It wasn't that long ago that the North Loop neighborhood was a collective of quiet warehouse space. There was little to nothing going on in that part of town when the sun went down. At the base of one building, far ahead of its time, a restaurant opened with the herald of a bongo beat. The restaurant wasn't afraid of color, volume, spice or what the modest Midwestern sensibilities would think of such an audacious place.
Babalu opened at 800 North Washington Avenue (in the space now belonging to Bar la Grassa) in 2003 and quickly became a hot spot. Mojitos ruled the bar set, although an extensive rum list also allowed booze nerds to explore the under-appreciated spirit. This was before the smoking ban and those who enjoyed a fine cigar were able to purchase hard to source tobaccos inside the beautiful on-site humidor.
The menu was filled with Latin dishes hard to find in the Twin Cities, and unheard of inside such a fancy setting.
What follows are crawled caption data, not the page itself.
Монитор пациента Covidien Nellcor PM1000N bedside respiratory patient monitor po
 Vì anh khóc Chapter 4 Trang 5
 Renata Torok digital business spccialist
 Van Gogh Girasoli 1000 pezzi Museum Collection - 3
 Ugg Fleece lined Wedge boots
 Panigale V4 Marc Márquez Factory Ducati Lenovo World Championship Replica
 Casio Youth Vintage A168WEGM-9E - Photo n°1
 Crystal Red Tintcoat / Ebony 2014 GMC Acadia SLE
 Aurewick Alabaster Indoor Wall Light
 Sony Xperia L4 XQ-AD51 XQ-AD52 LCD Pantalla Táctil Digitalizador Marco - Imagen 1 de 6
This was where diners flocked for paella studded with seafood, charred churrasco, citrus spiked ropa vieja and flaky empanadas.
Although the restaurant was named for the Afro-Cuban god, it was impossible to say the name without thinking of Desi Arnaz and the restaurant sported an image of him on one of its walls.
The restaurant was run by Alfonso Menendez and Fernando Santa, a pair of Parasole vets who were fixtures in the restaurant, checking in on guests, guiding them to their tables or holding forth lively conversations at the edge of the dance floor.
Babalu closed its doors in December of 2008 after a brief and glorious run. Alfonso Menendez would go on to run the Las Sierena Gorda inside Midtown Global Market. The fresh seafood and zesty flavors at this modest taco stand allowed for rich memories of the Babalu menu for a moment before also passing into Minneapolis restaurant history. Sadly, Menendez closed the stand to return home to Acapulco to battle an undisclosed illness.
Last we heard from Fernando Santa was almost a year ago. He was working to return to the neighborhood with Socialista.